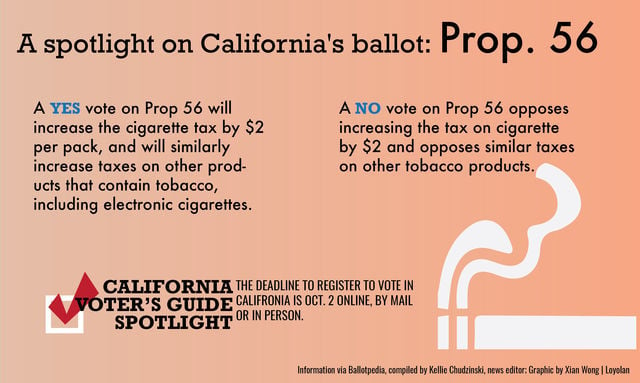 Proposition 56 A spotlight on California s ballot News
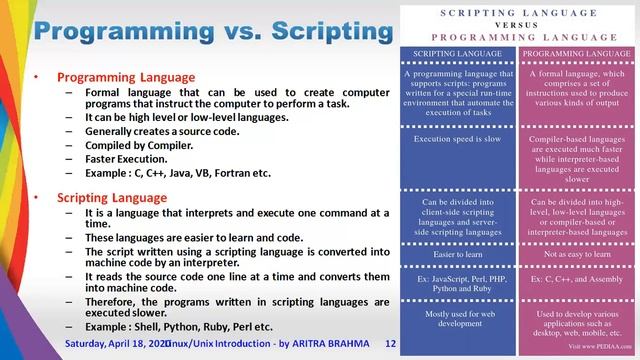 Introduction and Basic Overview of UNIX/LINUX Operating System | Mostly in Bengali | ARITRA BRAHMA смотреть онлайн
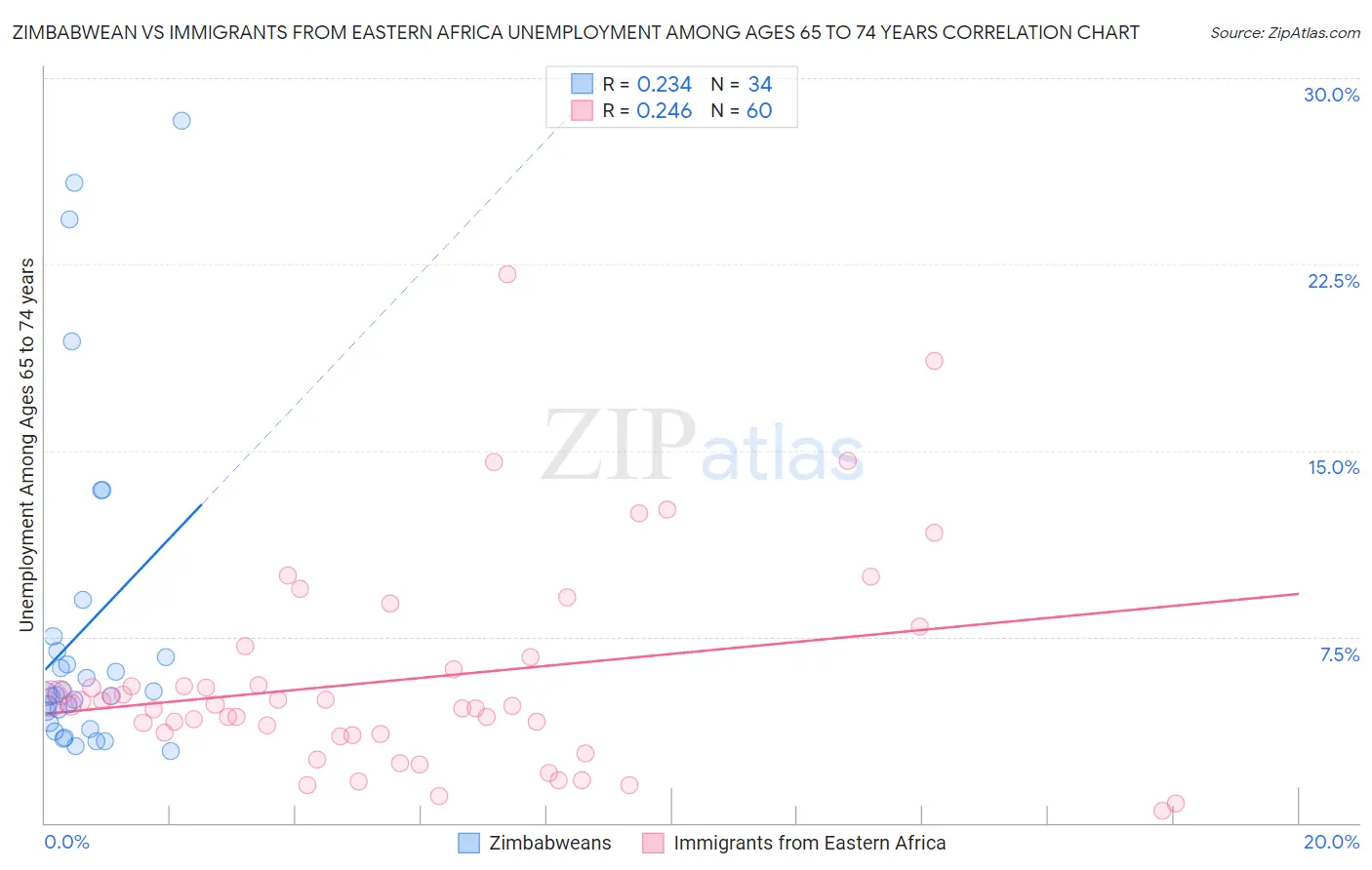 Zimbabwean vs Immigrants from Eastern Africa Unemployment Among Ages 65 to 74 years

Directions: Your copy should consist only of the lines from the line holding "Introduction and Basic" through the final line of the listing above, both included, with all pictures omitted.

Reply to the task:
 Introduction and Basic Overview of UNIX/LINUX Operating System | Mostly in Bengali | ARITRA BRAHMA смотреть онлайн
 Zimbabwean vs Immigrants from Eastern Africa Unemployment Among Ages 65 to 74 years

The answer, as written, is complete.